1. Classes start tomorrow. I can't say that my summer was a complete waste, but it was bleak, and relatively unproductive. The novel and the marathon will be put on hold 'til my sabbatical kicks in.

2. In some fit of back-to-schoolness, i got a haircut and replaced all of my make-up, which had in many cases reached the classification of "biohazard." I think maybe I look a bit less old and strained than I did before, but it may just be that my failing eyesight renders my reflection sympathetically blurred.

3. My daughter got a train set, which she adores. When asked what the tank cars might carry, she replied, "Diet Coke and Bloody Marys." I am thrilled and horrified in pretty much equal measure.

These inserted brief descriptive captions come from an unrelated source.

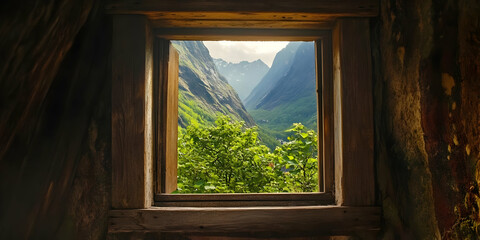 A scenic view through a wooden window frame showcasing mountains and lush greenery.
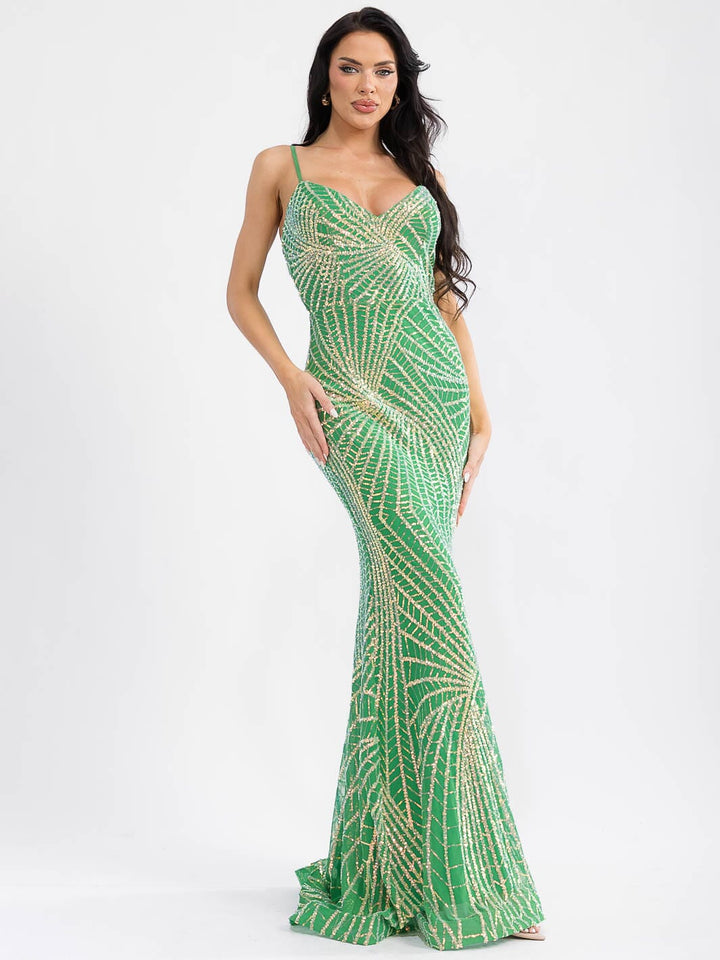 WOMEN'S SLEEVELESS V-NECK SEQUINS BODYCON MAXI DRESS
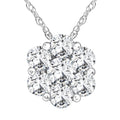 Bliss 14K White Gold 1 2 Ct Tdw Cluster Halo Diamond Pendant Womens Necklace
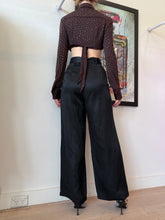 Load image into Gallery viewer, Alex Perry - Rhinestone Cropped Long Slv Top w Tie  - Brown - 10
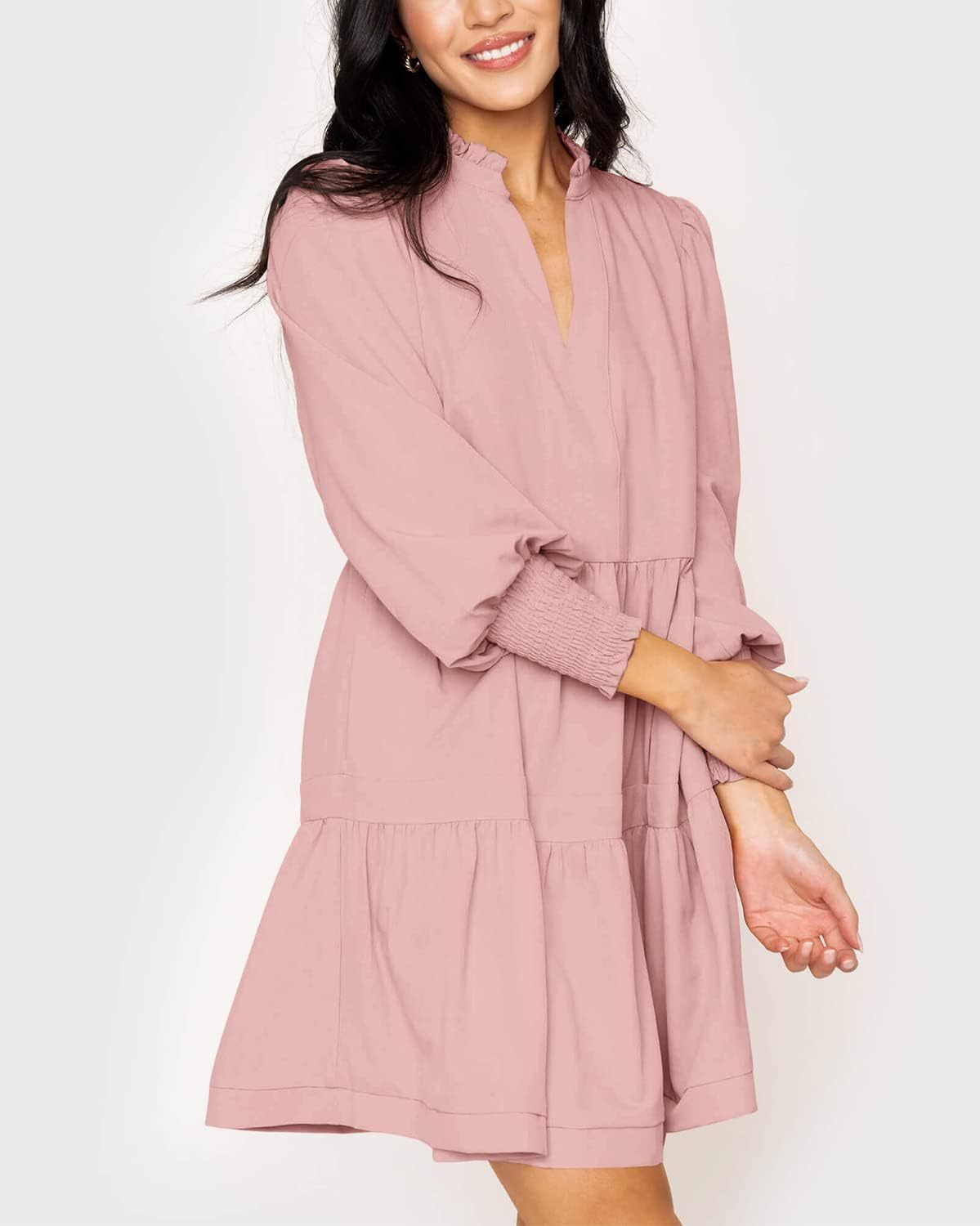 Women's  Casual V Neck Fall Long Sleeve Loose Ruffle Tiered Dress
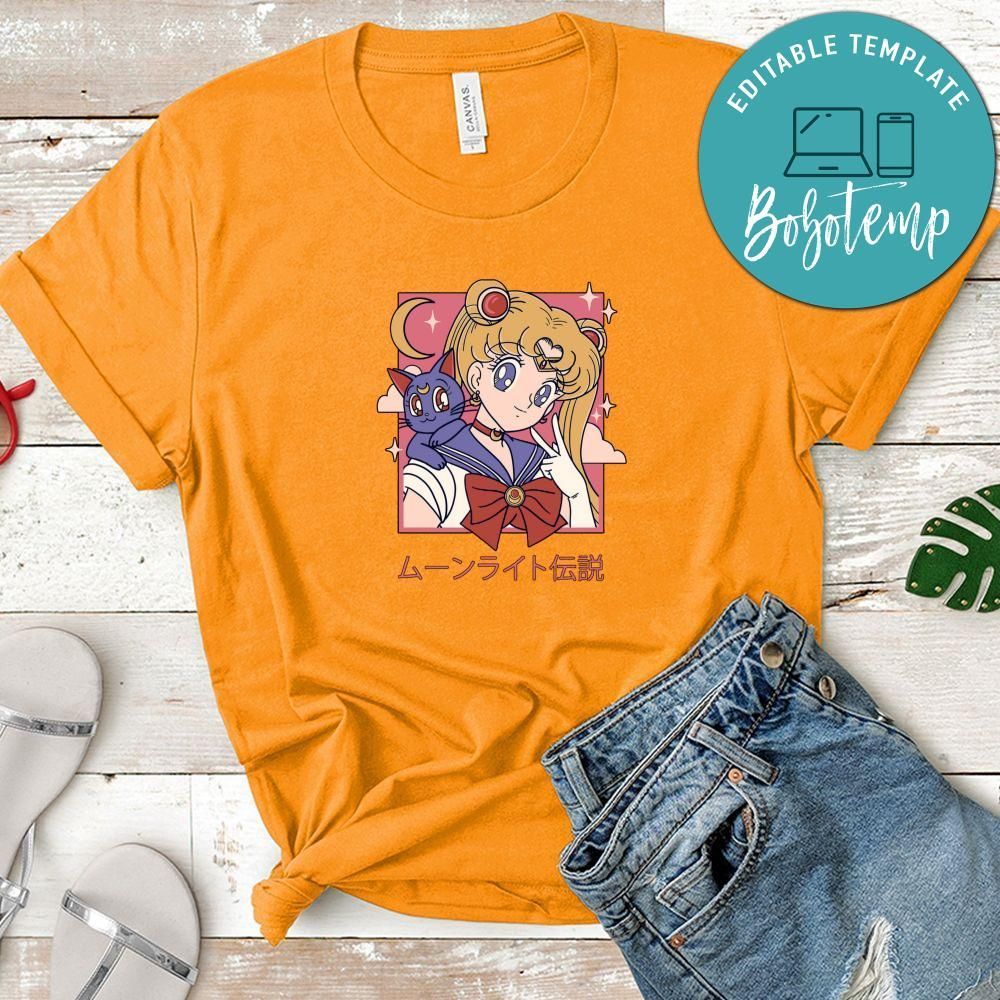 Sailor Moon With Cat Shirt, Anime Shirt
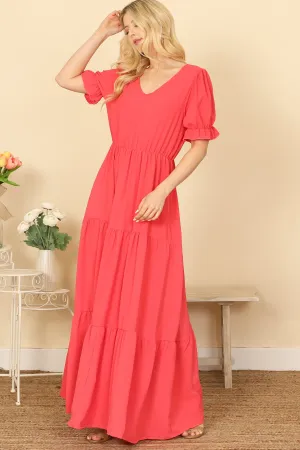 PUFF SLEEVE V-NECK TIERED SOLID MAXI DRESS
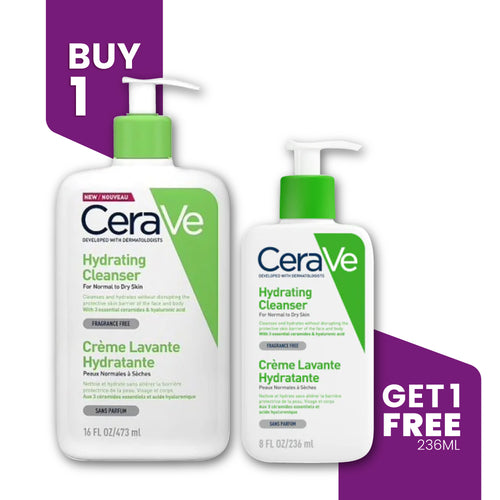BUY 1 GET 1 - CERAVE Hydrating Cleanser Normal to Dry Skin 473ml + FREE Hydrating Cleanser 236ml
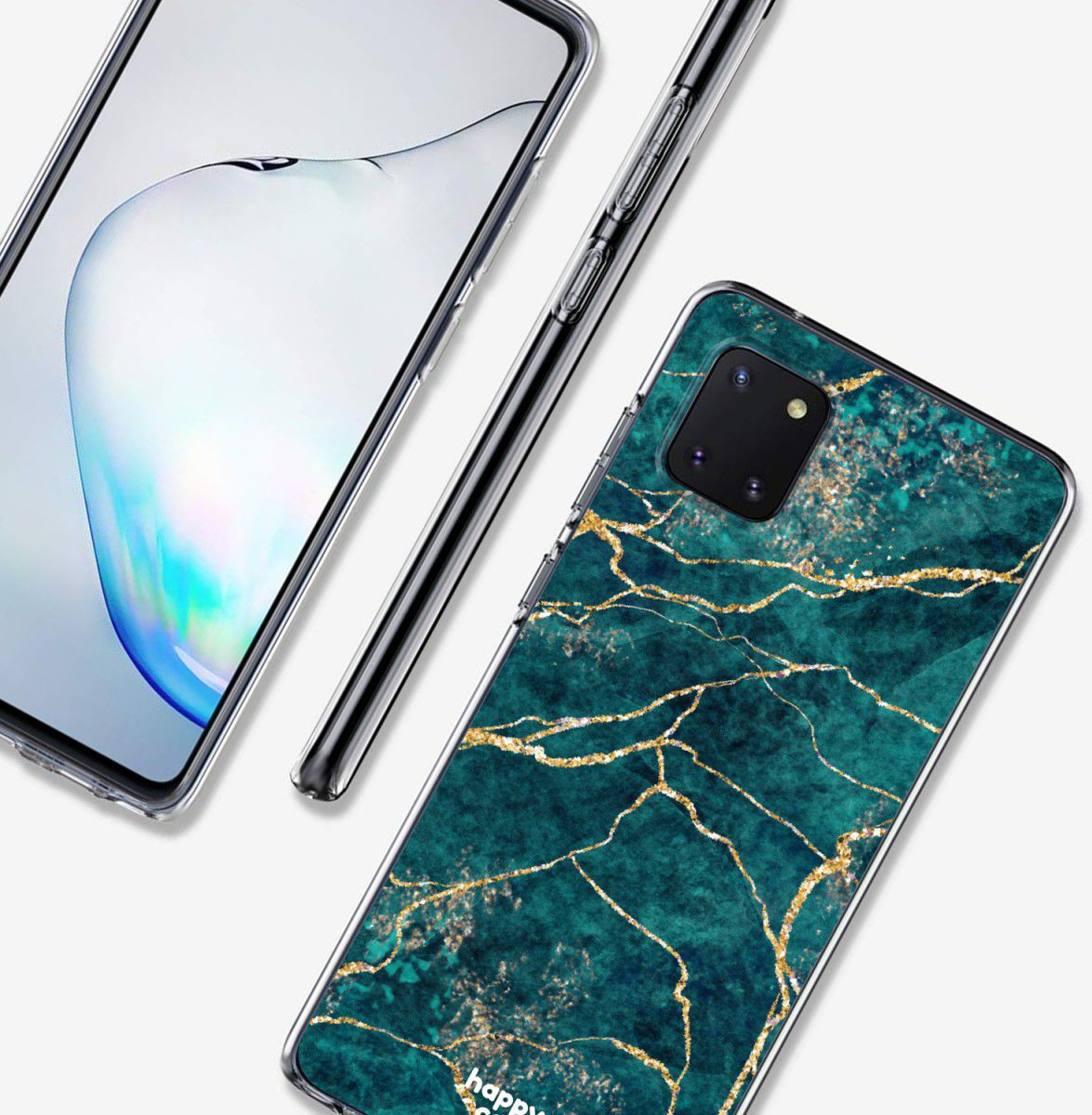 HappyCase Samsung Galaxy Note 10 Lite Hoesje TPU Aqua Marmer Print afbeelding 5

4. (Part II on a theme) She asked me yesterday how old one "would have to be to have a beer, Mama?" I think CPS should be expecting a phonecall about the liquid aspects of my parenting.

5. It's overcast and humid here, and so I am pretending it is autumn. Back-to-school shoes are on order from Zappos, and a batch of Mme. X's Bolognese sauce is simmering on the stove. It's too warm, yet, and it won't compare to the wonderful nights we shared it at her home, but there is something comforting in a rich, dark sauce.

6. My mother came to visit, and systematically searched all the places I had dug through in my frenzied search for my wedding photos and passports. All have been found! Now I can play document-wars with the various branches of teh Federal Government.

7. I had to return a pair of shoes ordered from mega-online-merchant. Sadly, they were too small, but the online returns form had no garment-specific options under "reasons for return." I was forced to indicate instead that "the merchandise was incompatible with my existing systems," which amused me.

8. Did I mention that I have to face my students tomorrow? Whatever will I wear? Replacement/new shoes won't arrive until Weds., at least.